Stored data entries
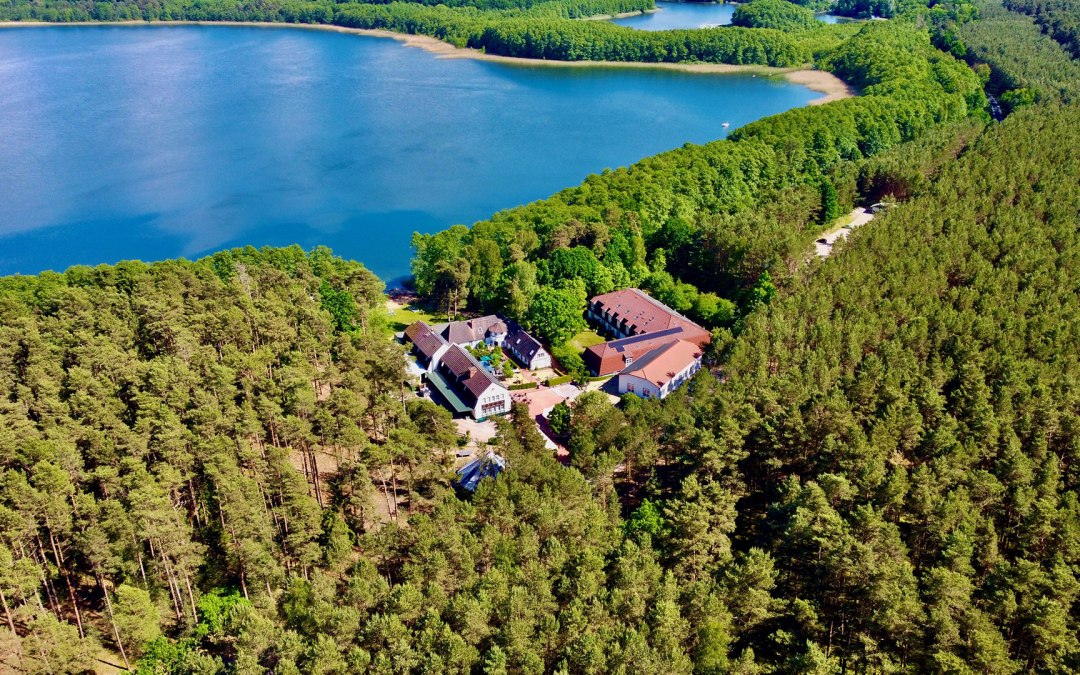 Genesteld in het Nationaal Park Müritz, aan de Großer Labussee. Meer ruimte is niet mogelijk!, © Familotel Borchard´s Rookhus
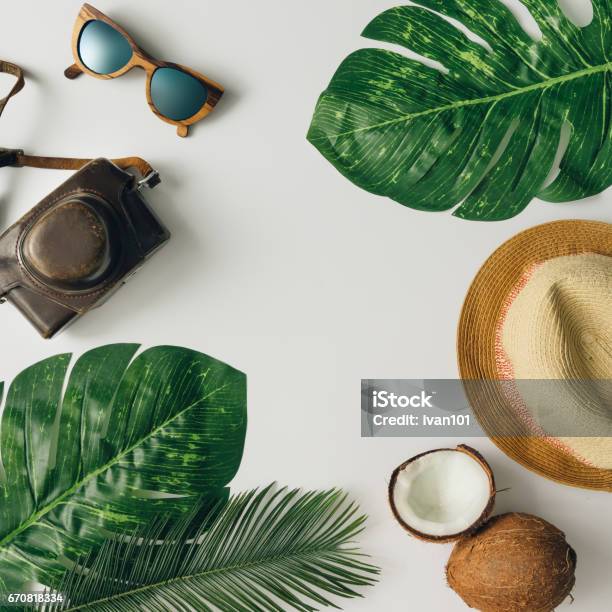 Diseño De Viaje Creativo Verano Tropical La Endecha Plana Concepto De Vacaciones Foto de stock y más banco de imágenes de Posición horizontal desde arriba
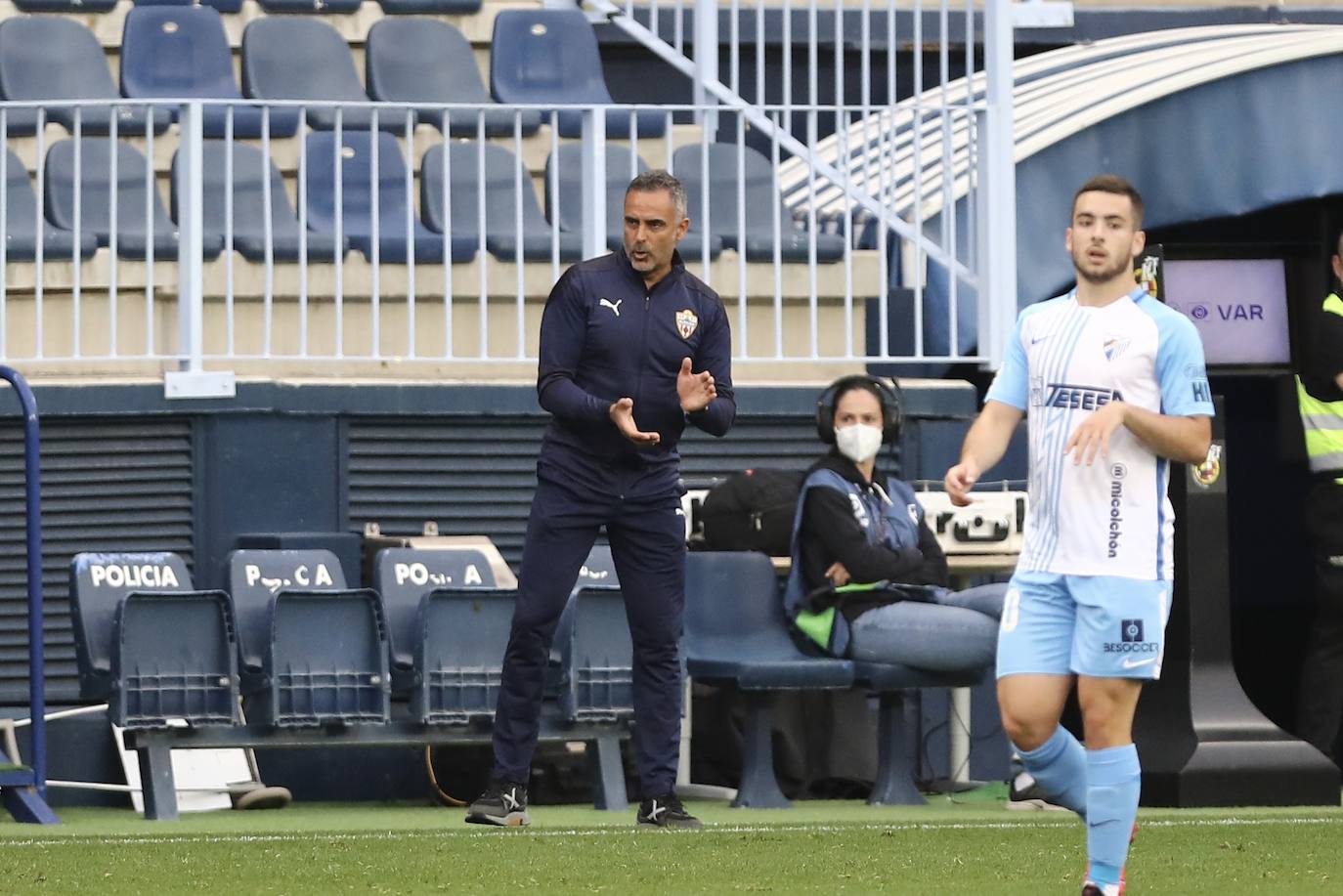 Fotos: Las mejores imágenes del triunfo del Almería en Málaga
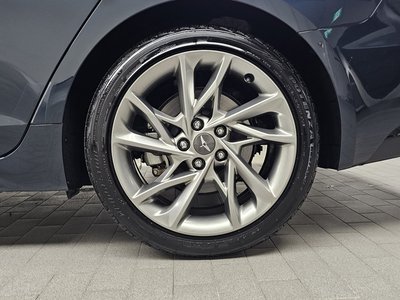 صورة 8 لـ 2023 GENESIS THE NEW G70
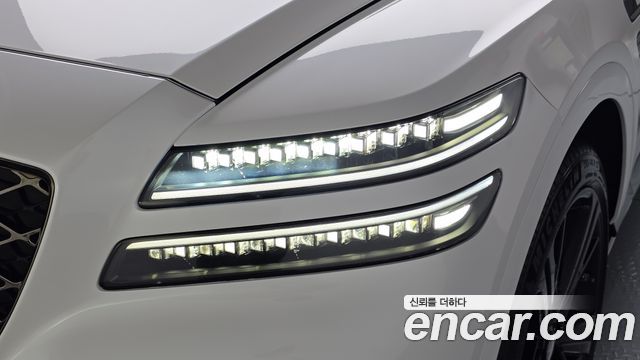 Genesis GV80 2024 — photo 8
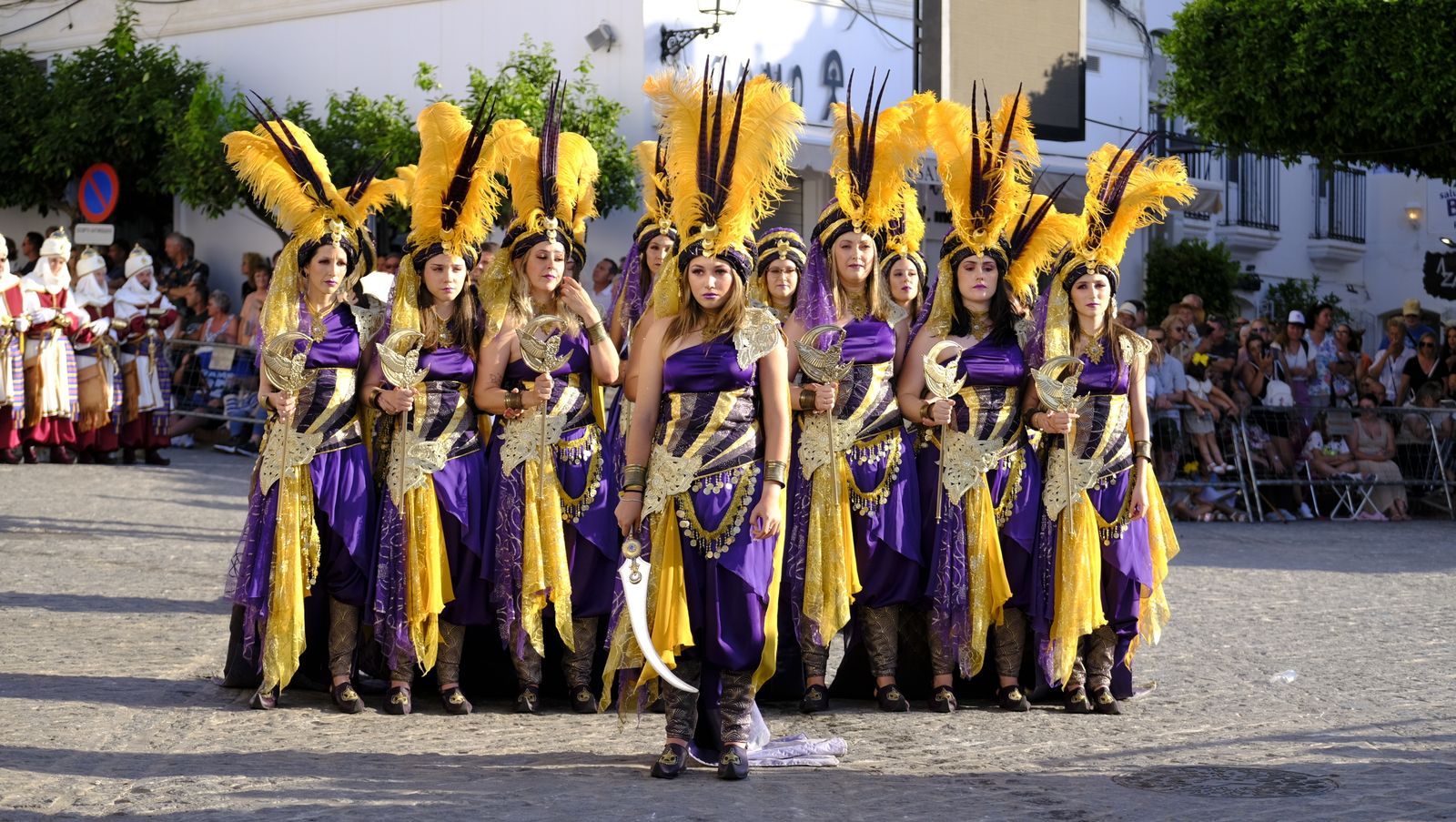 El espectacular desfile de Moros y Cristianos de Mojácar, en imágenes
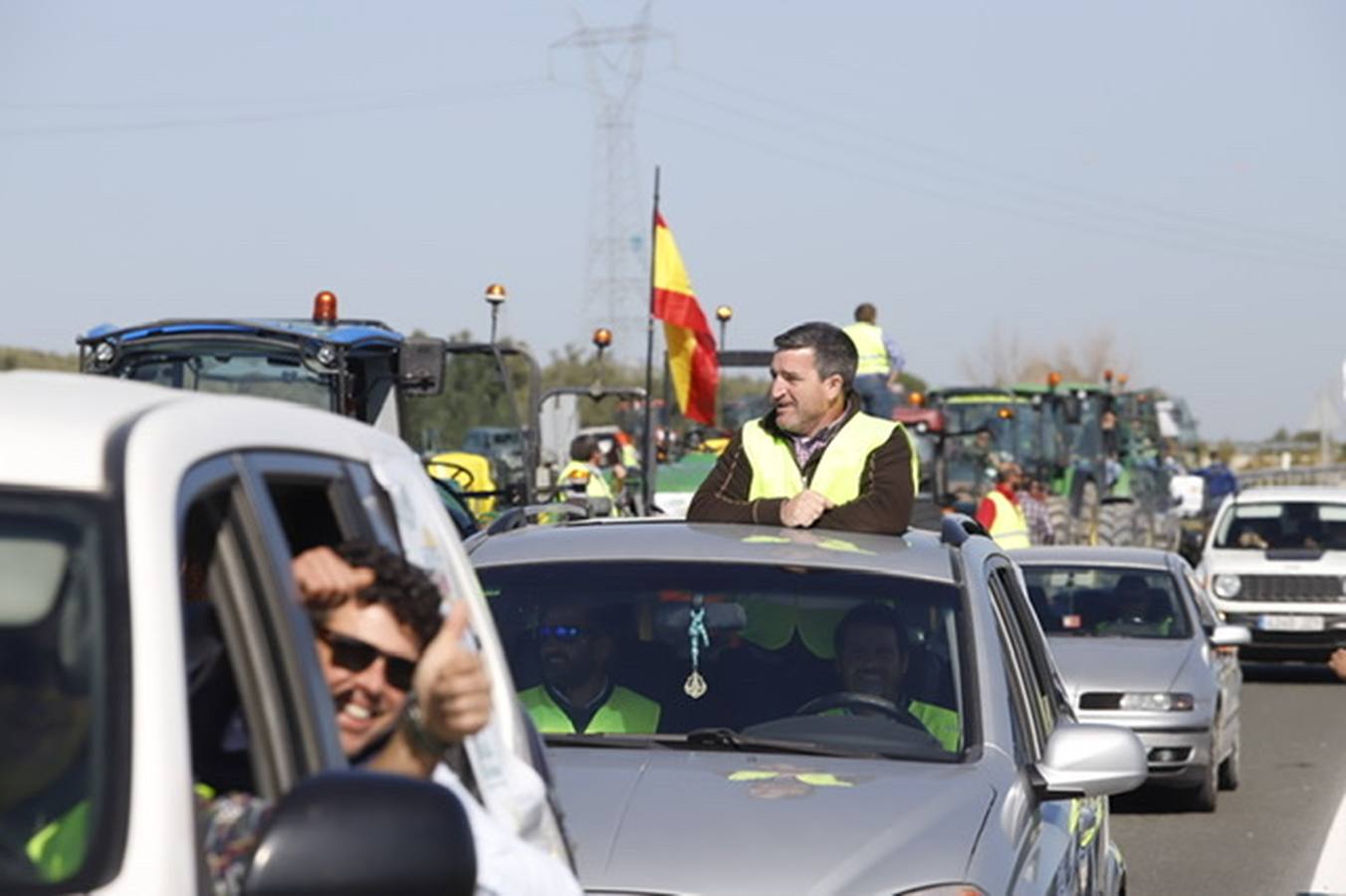 La marcha de agricultores y ganaderos en Lucena, en imágenes (II)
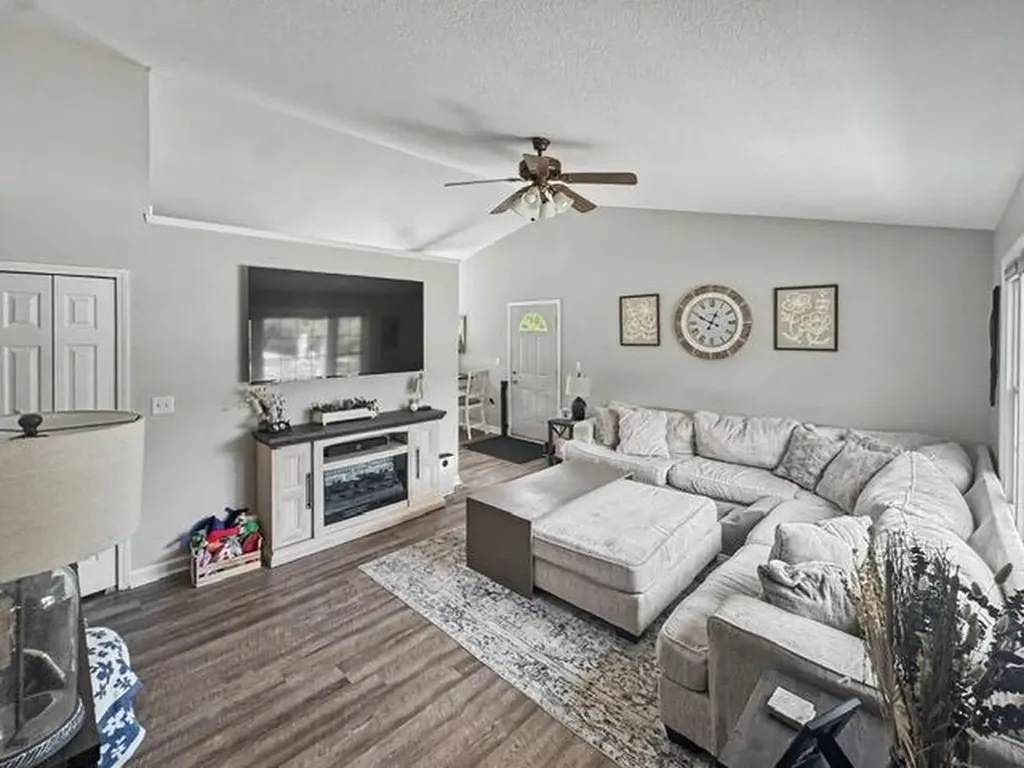 5032 Murphy Road Genesee Charter Township MI 48506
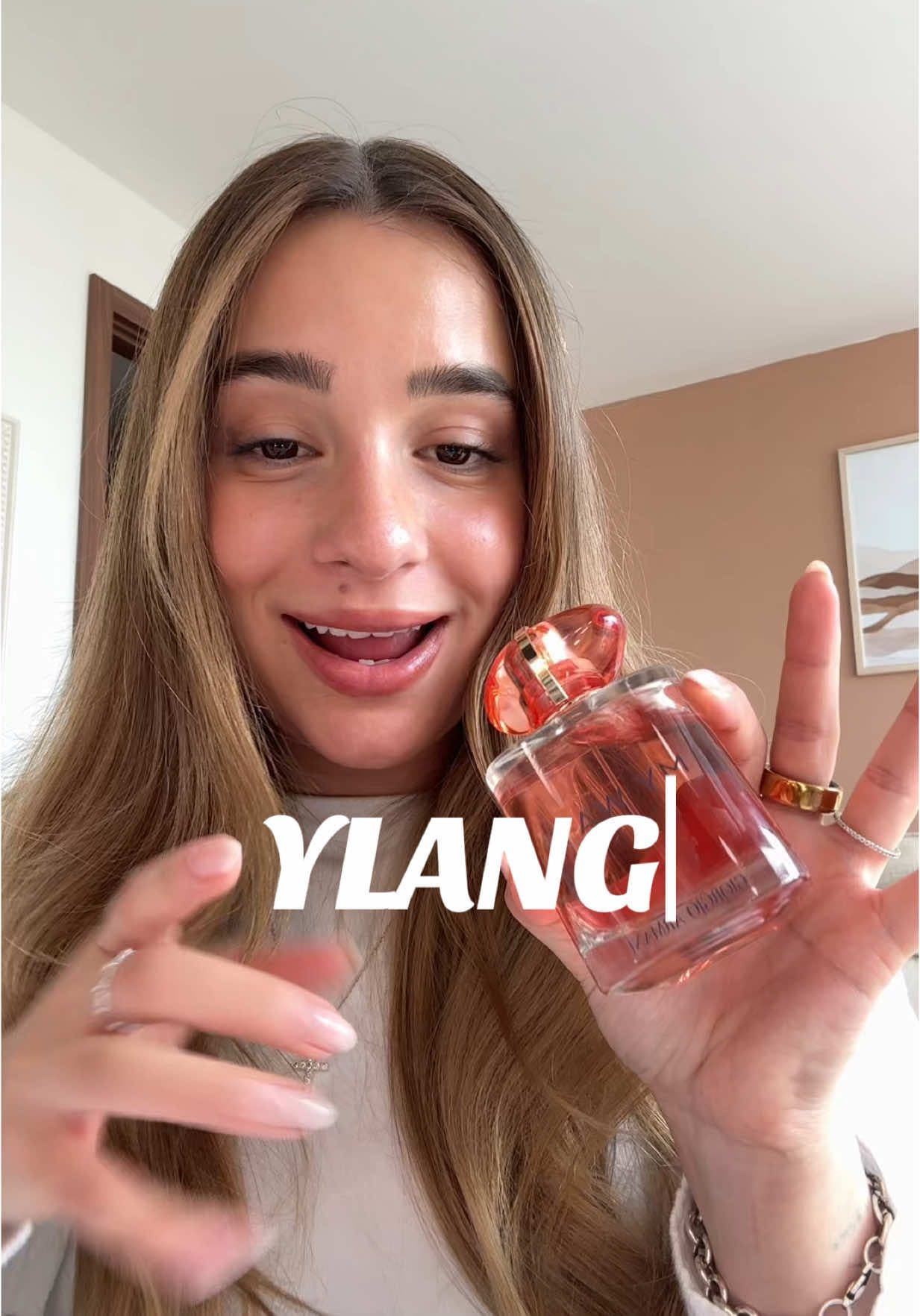 MY WAY YLANG @Armani beauty #perfumes #mywsy #armanimyway #mywayylang #armanibeauty #fragancias #viral #trend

*WHAT YOU HAVE TO DO*
Write out all the entries exactly, except for the pictures.

*RESPONSE TO THE TASK*
 Genesteld in het Nationaal Park Müritz, aan de Großer Labussee. Meer ruimte is niet mogelijk!, © Familotel Borchard´s Rookhus
 Diseño De Viaje Creativo Verano Tropical La Endecha Plana Concepto De Vacaciones Foto de stock y más banco de imágenes de Posición horizontal desde arriba
 Fotos: Las mejores imágenes del triunfo del Almería en Málaga
 صورة 8 لـ 2023 GENESIS THE NEW G70
 Genesis GV80 2024 — photo 8
 El espectacular desfile de Moros y Cristianos de Mojácar, en imágenes
 La marcha de agricultores y ganaderos en Lucena, en imágenes (II)
 5032 Murphy Road Genesee Charter Township MI 48506
 MY WAY YLANG @Armani beauty #perfumes #mywsy #armanimyway #mywayylang #armanibeauty #fragancias #viral #trend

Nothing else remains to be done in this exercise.